In the dressing room, Raffles is encouraged by the presence of the door's bolt. While he jimmies open a chest, Bunny wanders back to the bedroom, in time to see the rope-ladder be removed from below. Alarmed, Bunny retreats and tells Raffles. They pocket some jewel cases, and Raffles follows Bunny out the bedroom door. They are spotted by Guillemard and other men climbing the stairs. Raffles and Bunny hurry through the hallway and upstairs, into a room underneath the house's tower. They climb the stepladder and shut the trapdoor, hitting Guillemard.

They stand on the trapdoor until Raffles screws it closed with gimlets. Through the tower's one window with a view of the house's roof, they see a man climbing through a skylight. Raffles fires his revolver to scare the man off. With no other course, Raffles shimmies down the perilously thin wire of a lightning rod, and Bunny follows. They descend safely to ground and take shelter in a small boathouse on a tiny lake in the backyard, hoping the place will be overlooked by their pursuers.

Soon, however, they realize that their pursuers have inexplicably given up the chase. Wordlessly, Raffles creeps away, but doesn't return. Bunny waits anxiously for hours, until Raffles returns with stolen riding-clothes. They leave, taking a train and several cabs home.

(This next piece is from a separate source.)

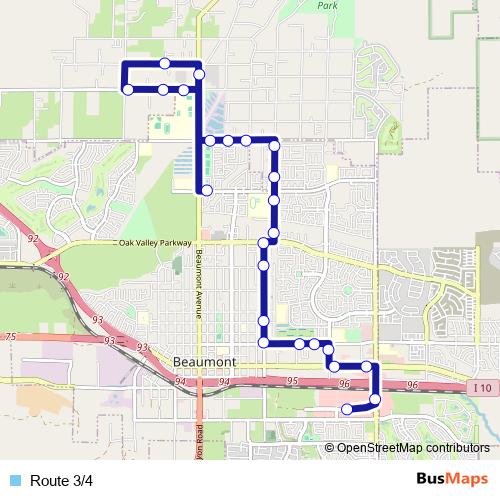 Route 3/4 bus Line Map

"Sorry I've been so long, Bunny, but we should never have got away as we were; this riding-suit makes a new man of me, on top of my own, and here's a youth's kit that should do you down to the ground."
— — Raffles returns after his second, solitary break-in

At the Albany, after Raffles says that the jewel cases he took were unfortunately empty, Bunny admits that his own were full, but that he left them in the tower out of guilt for robbing his childhood home. Yet Raffles declares that he had seen the house's inhabitants gloating merrily over Bunny's forfeited plunder. Raffles shows the jewelry to Bunny. He promises to relay to Bunny the full story of his second break-in at a Turkish bath.

==Adaptations==
The story was adapted as the third episode of the Raffles television series, with Anthony Valentine as A. J. Raffles and Christopher Strauli as Bunny Manders. The episode, titled "Spoils of Sacrilege", first aired on 11 March 1977.

BBC Radio did not adapt "The Spoils of Sacrilege" for an episode as part of its series of adaptations for the Raffles stories.